Don't You Forget About: Camp

Sure, it's fun to catch the latest flick at the multiplex, or grab the newest release at a video store, but sometimes you just gotta say, "Out with the new, and in with the unknown." There are plenty of older flicks out there that are worth a rental, but never registered on your radar. In Don't You Forget About, we remember the long-gone gems, so you don't have to.
Photo: IMPA Awards

There are two, very different types of camp in my books. There's the traditional kind with musky cabins, bitchy bugs, crappy cafeteria food, unofficial boondoggle competitions and endless memories. Not a huge fan of that one (although that's not a secret). The other kind, however, is much more my style. You know, the category that encompasses everything purposely over-the-top and ridiculously awesome (think Broadway, drag queens, John Waters movies, Adam Lambert).

Camp brings both these definitions together in ridiculously well-tuned harmony. The IFC flick is Glee if it took place 7 years earlier and traded McKinley High for a makeshift wilderness site called Camp Ovation. It follows one summer in the life of said camp's set of musically-inclined misfits and the newest staff member/retired theatre dude, who would rather drink than do Dreamgirls with a 75% white cast again. Like every other camp movie, Camp features lots awkward unrequited romances, food fights, starlit self-discovery and an end of the year talent show. What makes it different is that in place of simple sing-song sound-offs, these campers take Sondheim by storm.

The characters in this underappreciated flick are so similar to the ones on FOX's breakout TV musical, I'm surprised
Camp's crew hasn't taken some sort of legal action. There's the over-achieving, misunderstood girl, Ellen (or should I call her Rachel Berry?), the straight and clueless stud, Vlad (hello, Finn!), the lovestruck and lost gay boy, Kurt (I mean, Michael!), the blonde bitchface, Jill (think Quinn pre-preggo), the super-talented but super-self conscious could-be diva, Jenna (Mercedes, with less fab clothes) and the sneaky, secretly talented scene-stealer, Fritzi (sounds a lot like Glee's supposed newcomer, Charice). So I guess it's safe to say Gleeks will love it by default. But unlike that show, which flaunts it's sudden musicality, you don't have to be a Broadway nerd to really get down with Camp.

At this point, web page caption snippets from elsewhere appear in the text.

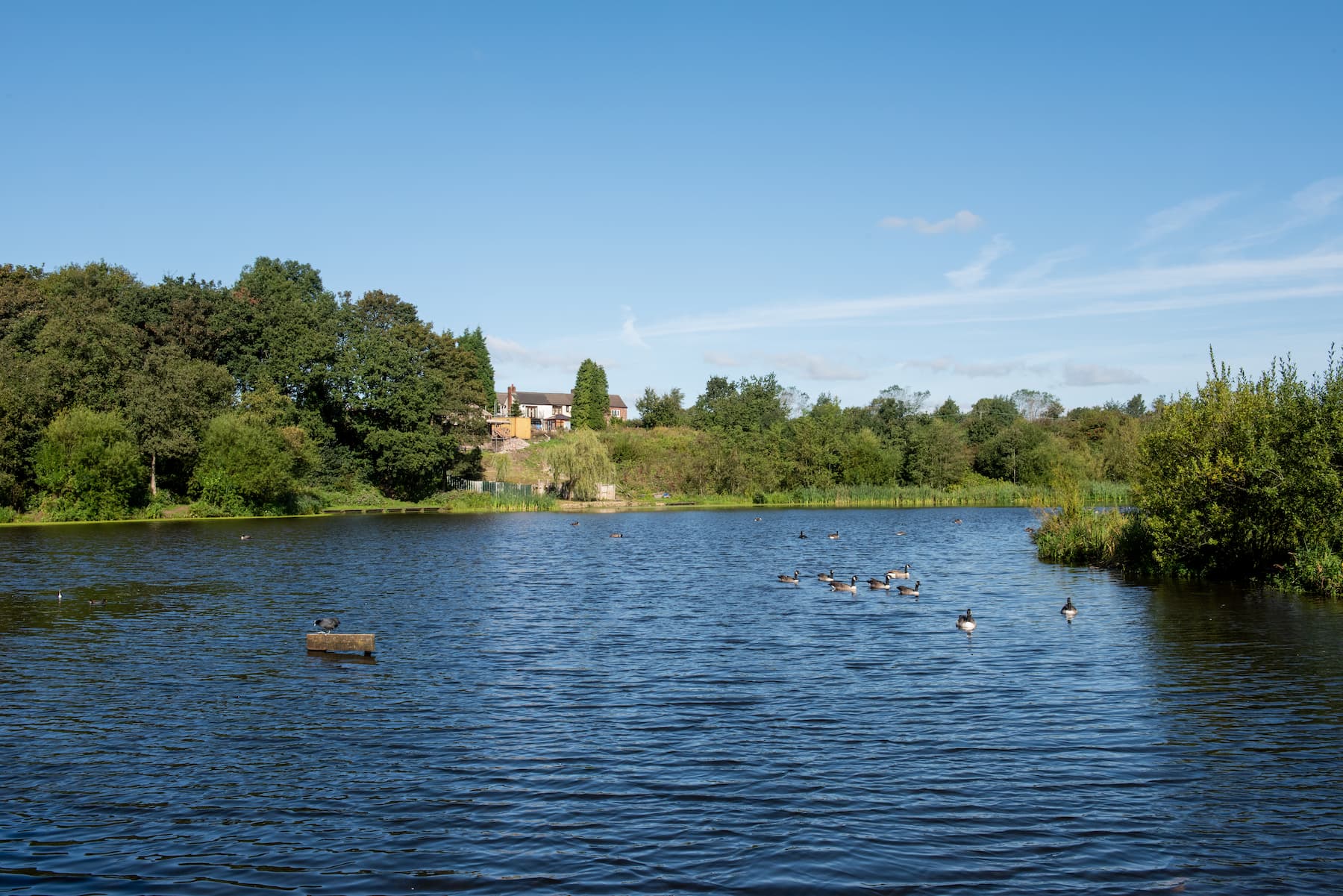 Daisy Nook country park is 2 miles away
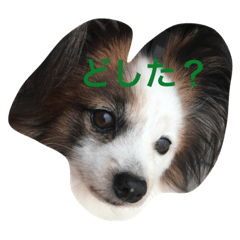 [LINEスタンプ] かりん様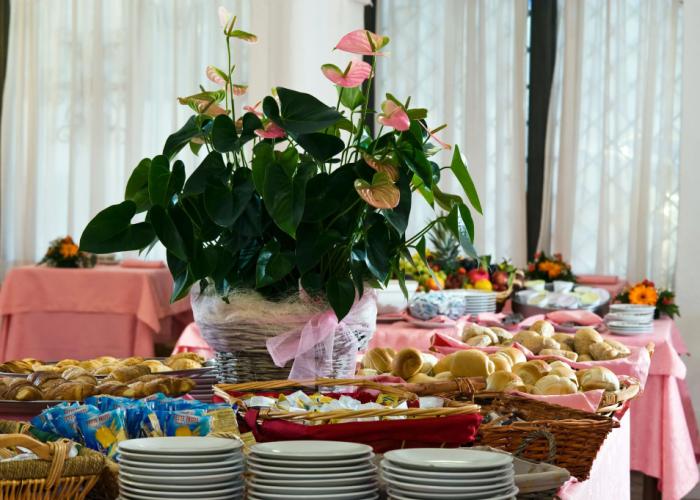 Hotel Schuhmann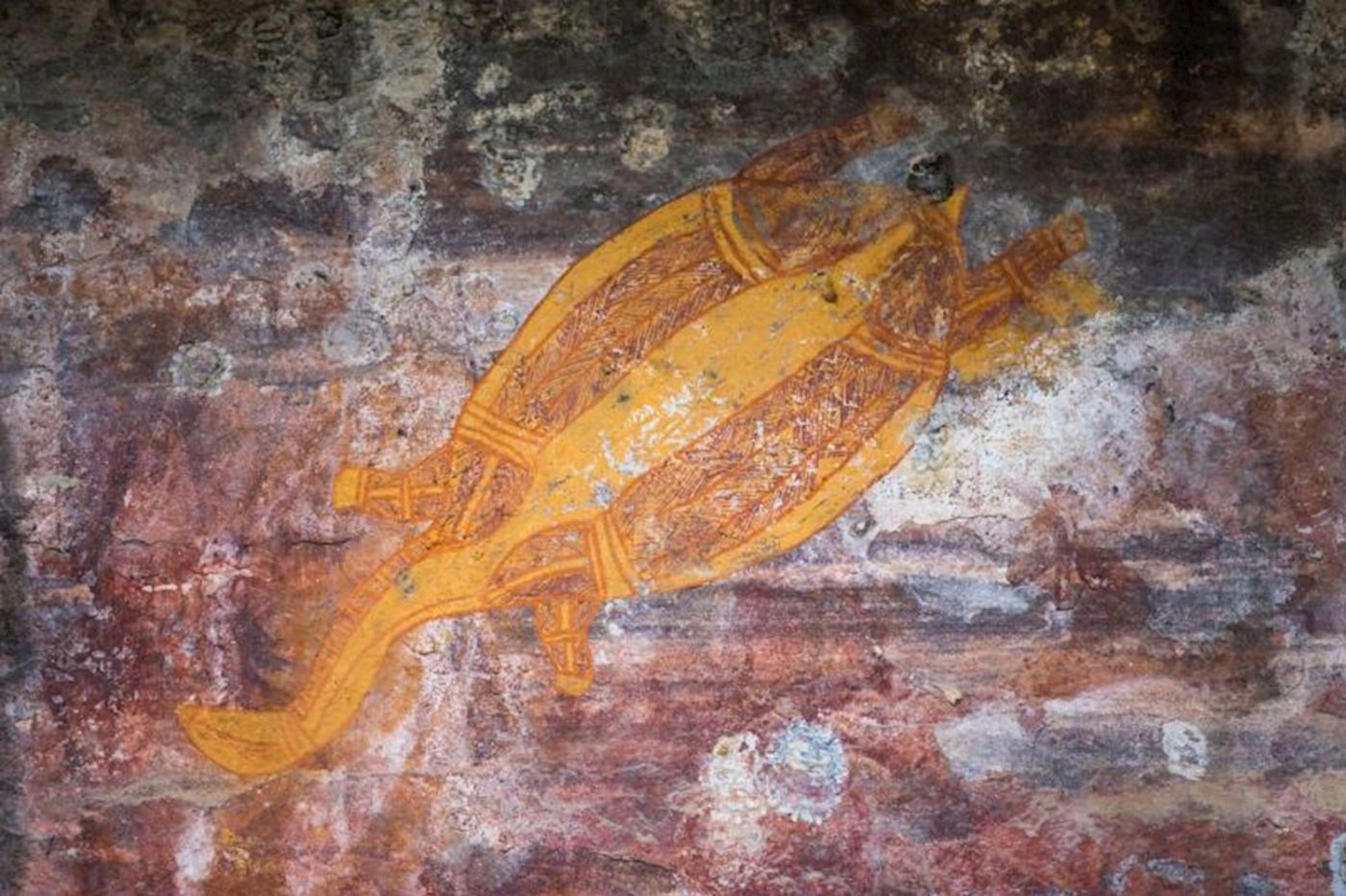 Adventure Tours (ATA) Kakadu Tour with Katherine and Litchfield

The songs in this movie are simply done as part of the montages of the various shows the campers do over the summer. In other words, there's no random singing into the camera (well, except for the opening scene, but that is meant to be a dream sequence), which turns many people off big-screen sing-a-longs completely. Like
Once, where the folk songs felt like an extension of the main characters' street performer lifestyle, these performances are natural fit, given the circumstances.

In addition to seeming organic, the songs are just flat-out awesome. All the characters do their own singing, and impress big time. The highlights include a group-sing to Todd Rundgren's "A Want of a Nail" and a young Anna Kendrick (You know, the younger Oscar-nominee
from Up in the Air and Bella's fair-weather friend in Twilight) singing "The Ladies Who Lunch" from 70s stage classic Company. As she belts the track's climax, which asks everyone to "rise", the audience slowly gets up and gives her a standing o. Don't be surprised if you do the same thing in your living room. It's no wonder this girl got nominated for a Tony at 13. Her crazed take on fame-hungry Fritzi is genius.

But even without the songs and the backstage melodrama (Fritzi totes poisons Jill to get that number!),
Camp would still shine like a B-way sign after hours. Robin de Jesus, who has starred in recent Tony-winners In the Heights and the revival of La Cage aux Folles, will break your heart as Angel Dumott Schumard's distant cousin, Michael. The opening montage where he imagines Camp Ovation to keep from accepting the reality that he's getting beaten up for dressing in drag at a high-school dance is Kleenex-city. Joanna Chilcoat is also great at playing up both Ellen's innate talent and epic discomfort with her feelings for Vlad. And Daniel Letterle is seriously crush-worthy as the only straight dude on site. If he doesn't reel you in with his Dirk Diggler karate tribute, he'll certainly get you with his rendition of The Rolling Stones' best ballad, "Wild Horses." Swooning, yet?

At one point in
Camp, the ambitious young actors get a chance to meet the godfather of all that is modern musical theatre, Mr. Stephen Sondheim. It's not a back of the head shot or an alluded-to scene either, we actually see the man on-screen as a bona fide part of the story. The fact that such a legend agreed to take part in this little indie film says that it's more than just a campy tribute to musical nerds and their showbiz dreams. Like the underdogs that make every theatre camp thrive, it's actually really special.